» The task: What you return must match, exactly, the lines running from the one containing "4x Wood Elves" to the end of the data, both included, and must contain no pictures.

Short descriptive text snippets:
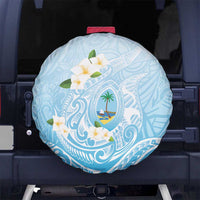 Guam Fishhook Mix Guasali Flowers Spare Tire Cover Dreaming Turquoise LT7 No hole Turquoise - Polynesian Pride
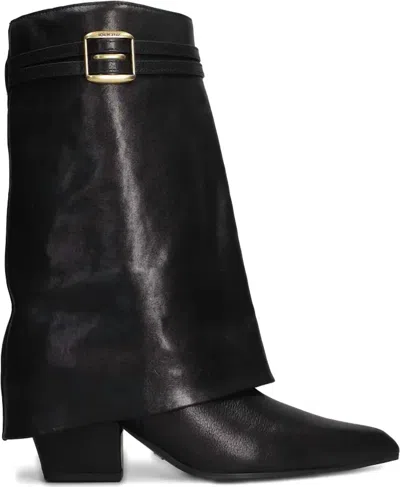 Bibi Lou Women's Yuna Leather Boots In Black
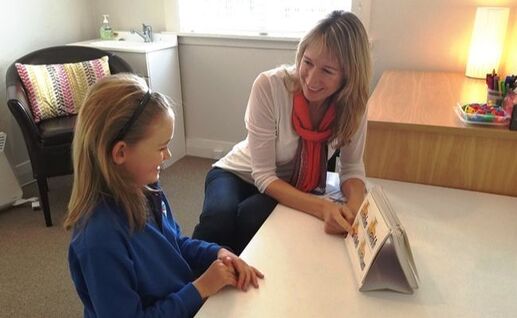 Our speech therapists work with children from infancy to teenage years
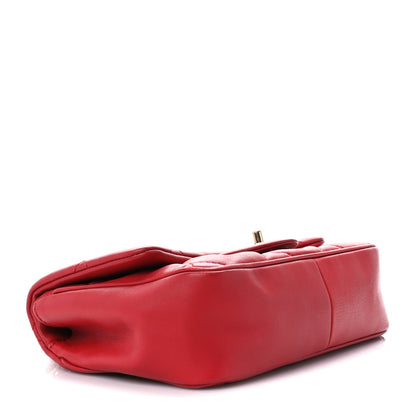 Chanel Lambskin Quilted Small Easy Carry Flap Red 4 of 14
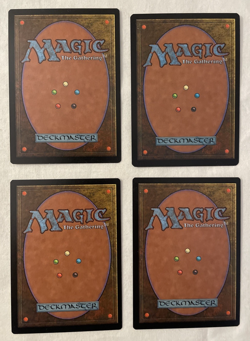 4x Wood Elves Exodus MTG Magic the Gathering LP/NM - Image 2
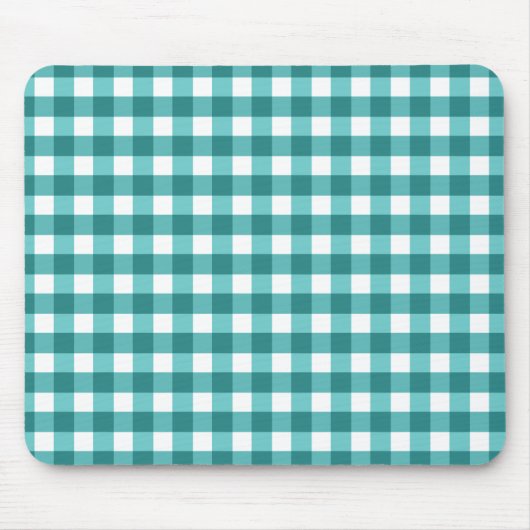 Tapis De Souris en vichy turquoise (Devant)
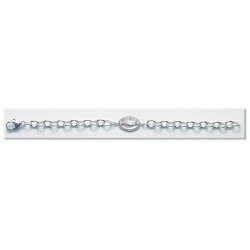Sterling Silver Miraculous I.D. Bracelet - Boxed
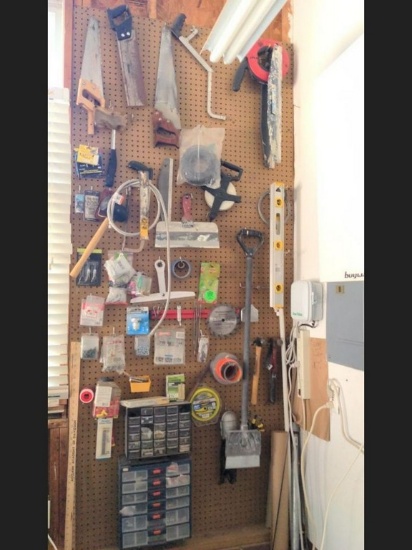 Nuts and Bolts with Hand Tools Lot
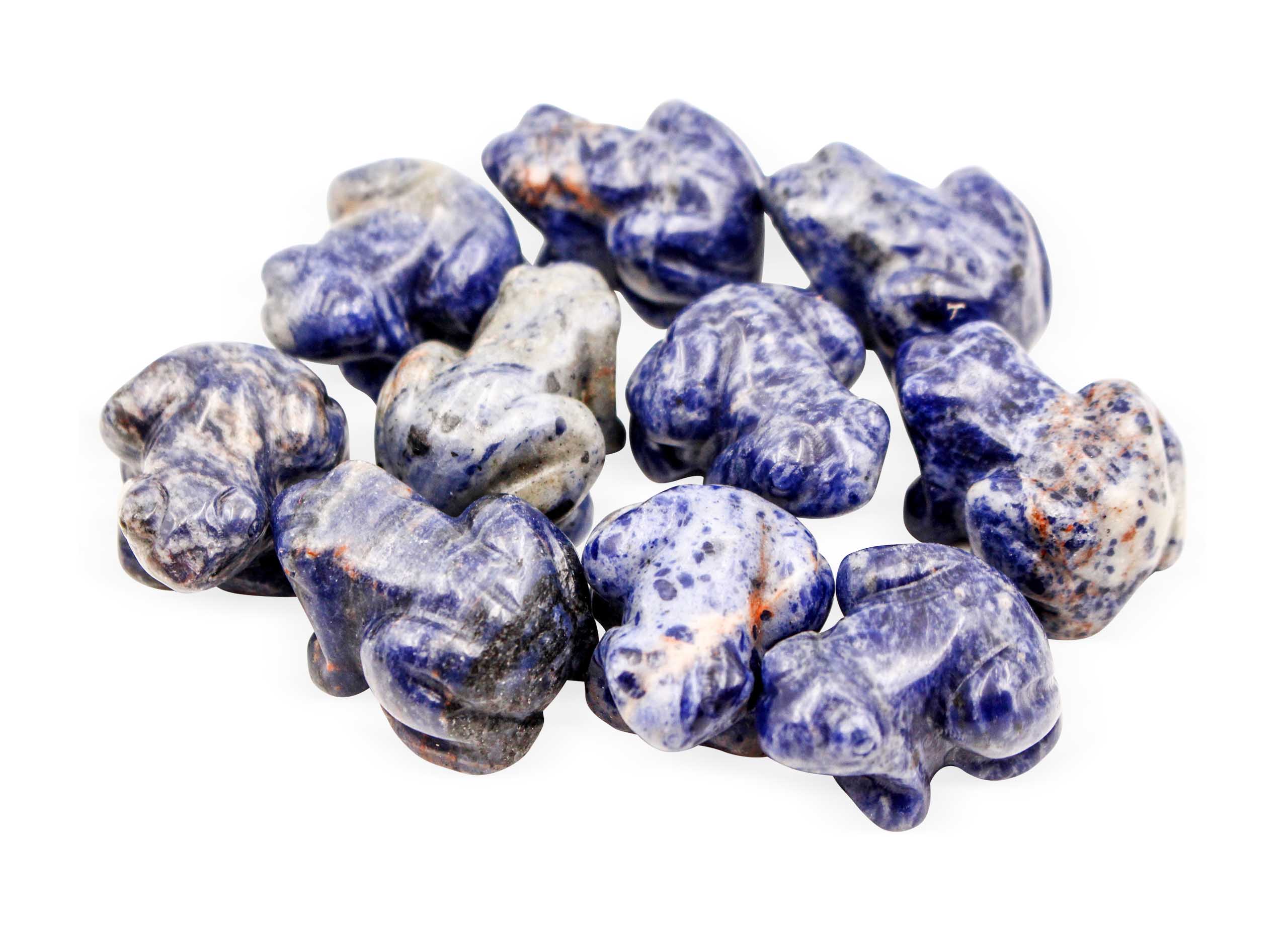 Sodalite frog-Crystal Dreams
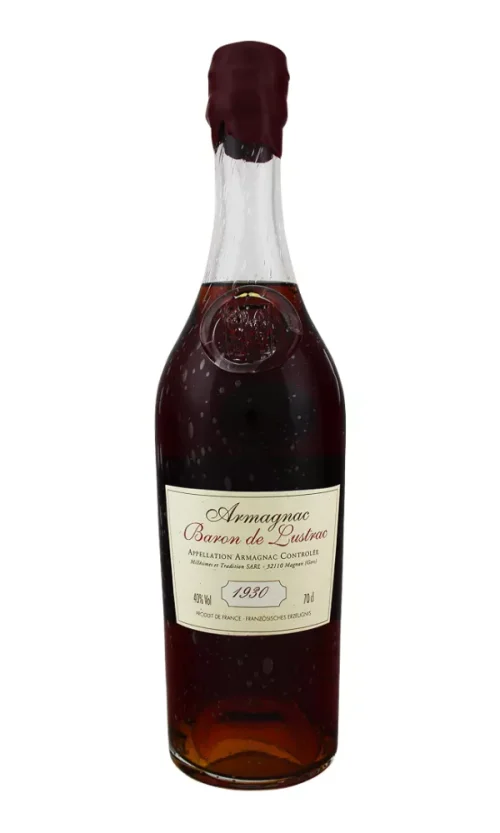 Baron de Lustrac Vintage Armagnac 1930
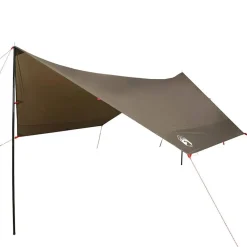Buitensport*vidaXL Kampeerluifel waterdicht 462x306x211 cm Bruin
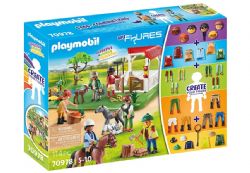 PLAYMOBIL -  MY FIGURES: HORSE RANCH (114 PC) 70978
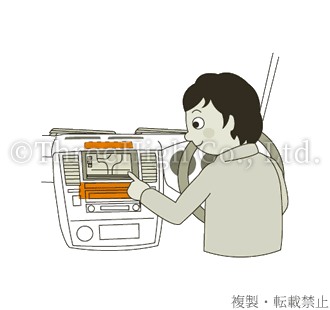 Anti-freezing heater for car navigation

» Answer section:
 4x Wood Elves Exodus MTG Magic the Gathering LP/NM - Image 2
 Tapis De Souris en vichy turquoise (Devant)
Sterling Silver Miraculous I.D. Bracelet - Boxed
 Nuts and Bolts with Hand Tools Lot
 Sodalite frog-Crystal Dreams
 Baron de Lustrac Vintage Armagnac 1930
Buitensport*vidaXL Kampeerluifel waterdicht 462x306x211 cm Bruin
 PLAYMOBIL -  MY FIGURES: HORSE RANCH (114 PC) 70978
 Anti-freezing heater for car navigation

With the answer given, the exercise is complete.